Ein neuer Besen kehrt bekanntlich gut und so kam mit dem Dirigentenwechsel 1980 ein neuer Wind in die Ausbildung der Jungen.


Wie die heutige Situation entstand

Dank Anstrengungen und Beziehungen gelang es Marcel Aeby, die Lehrer des Konservatoriums nach Tafers zu bringen, so dass es den Schülern einiges leichter fiel, dem Unterricht zu folgen. Er verfasste eine Schulordnung für die Musikschule und bereits nach einem Jahr waren 12 Schüler am "Konsi" eingeschrieben.

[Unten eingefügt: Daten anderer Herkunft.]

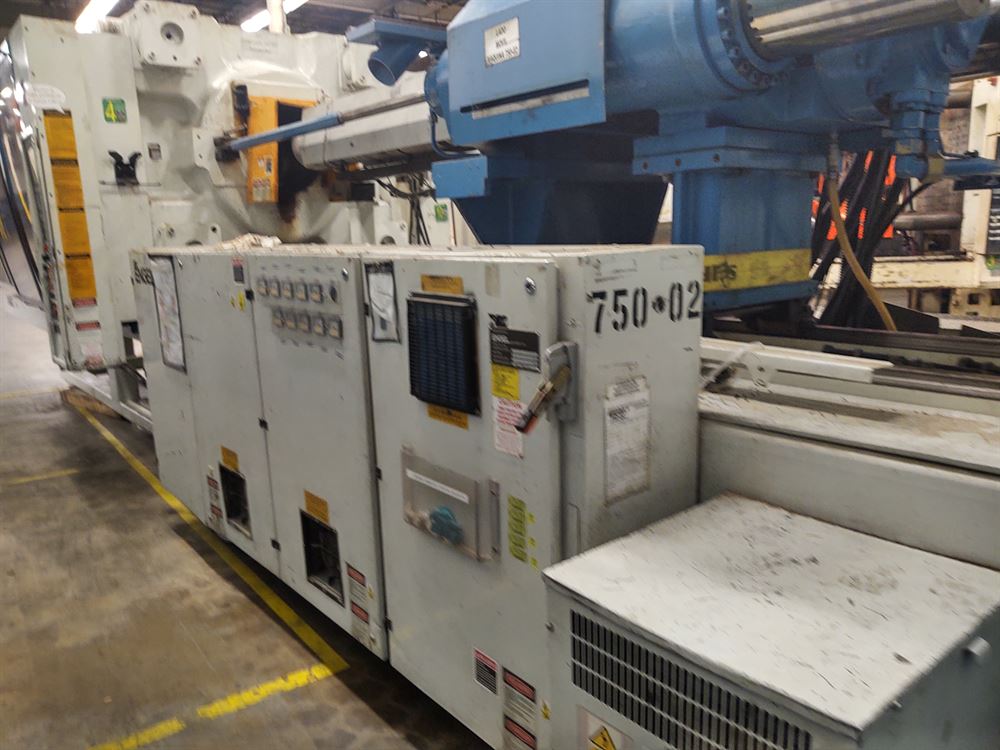 750 Ton Engel 1999 Hydraulic Injection Molding Machine Model 4550/750AH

Neben dieser Grundausbildung im Einzelunterricht wurde auch das Gruppenspiel gefördert, um den Auftritt des Nachwuchses an den Jahreskonzerten regelmässig stattfinden zu lassen. Dazu wurde vorwiegend der Vizedirigent engagiert, der so erste Erfahrungen mit Proben sammeln konnte. Zudem kann eine ausgebildete Person mehr bieten, als ein Dilettant mit gutem Willen.

Immer wurde und wird versucht, Leute für den Verein zu gewinnen, die nach Tafers umgezogen sind oder Musikanten, die aus irgendwelchen Gründen das Instrument an den berühmten Nagel gehängt hatten.